◆ REQUIRED ACTION: Using the data below, transcribe exactly everything from the line that contains "Women Casual Embroidery Short Shirt" down to the line that contains "Antique Cameo Brooch". Include both of those lines and none of the pictures.

◆ PROVIDED INFORMATION:
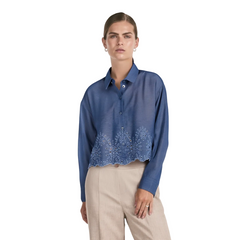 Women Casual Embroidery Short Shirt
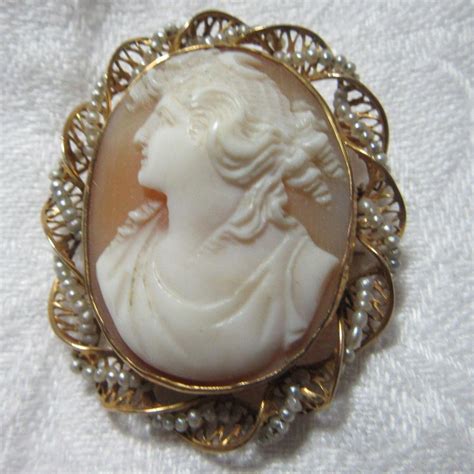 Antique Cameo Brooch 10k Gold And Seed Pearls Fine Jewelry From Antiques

* * *

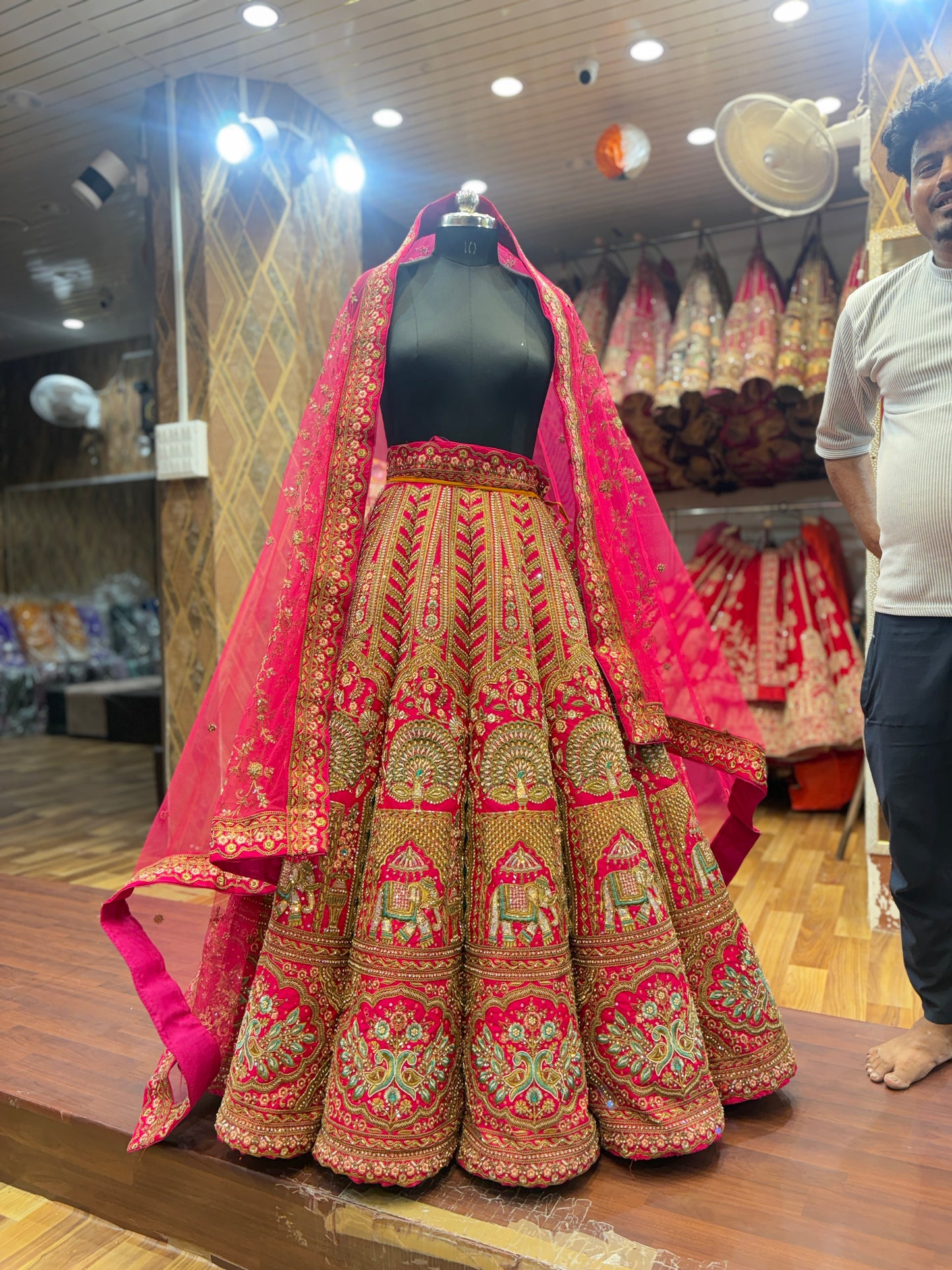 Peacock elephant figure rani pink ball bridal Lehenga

◆ RESPONSE BELOW:
 Women Casual Embroidery Short Shirt
 Antique Cameo Brooch 10k Gold And Seed Pearls Fine Jewelry From Antiques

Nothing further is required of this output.